THE PROBLEM =>
From the line containing "width=145.25,height=43.85" through the end of the material below, output each line exactly as written, with pictures excluded.

━━━━━━━━━━

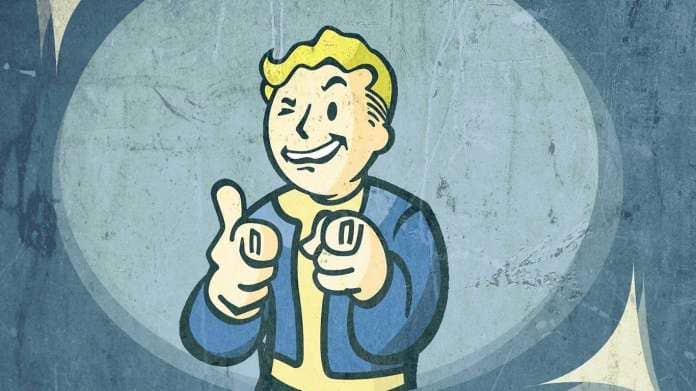 fallout-3-vault-boy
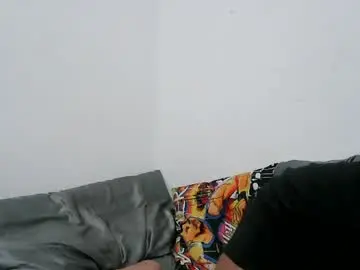 Chaturbate Adult Webcam of coupleeswetthott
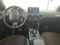 preview DS Automobiles DS3 #4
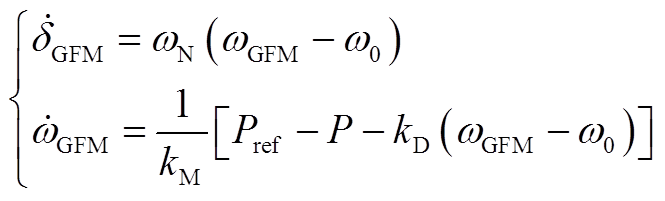 width=145.25,height=43.85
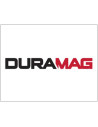 DURAMAG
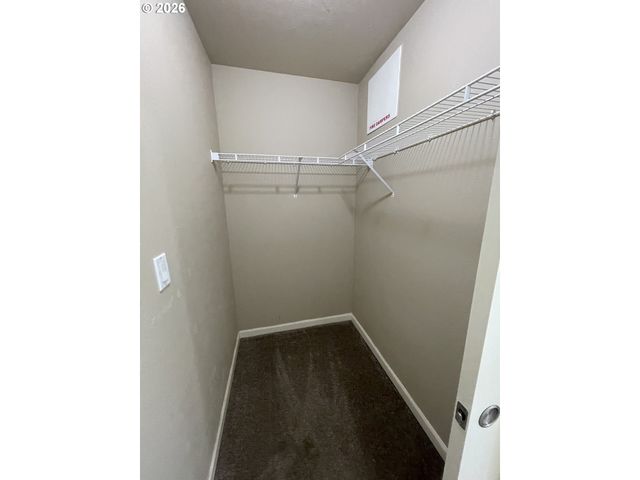 16735 Sw BASELINE Rd, Beaverton, OR 97006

━━━━━━━━━━

SOLUTION =>
 width=145.25,height=43.85
 DURAMAG
 16735 Sw BASELINE Rd, Beaverton, OR 97006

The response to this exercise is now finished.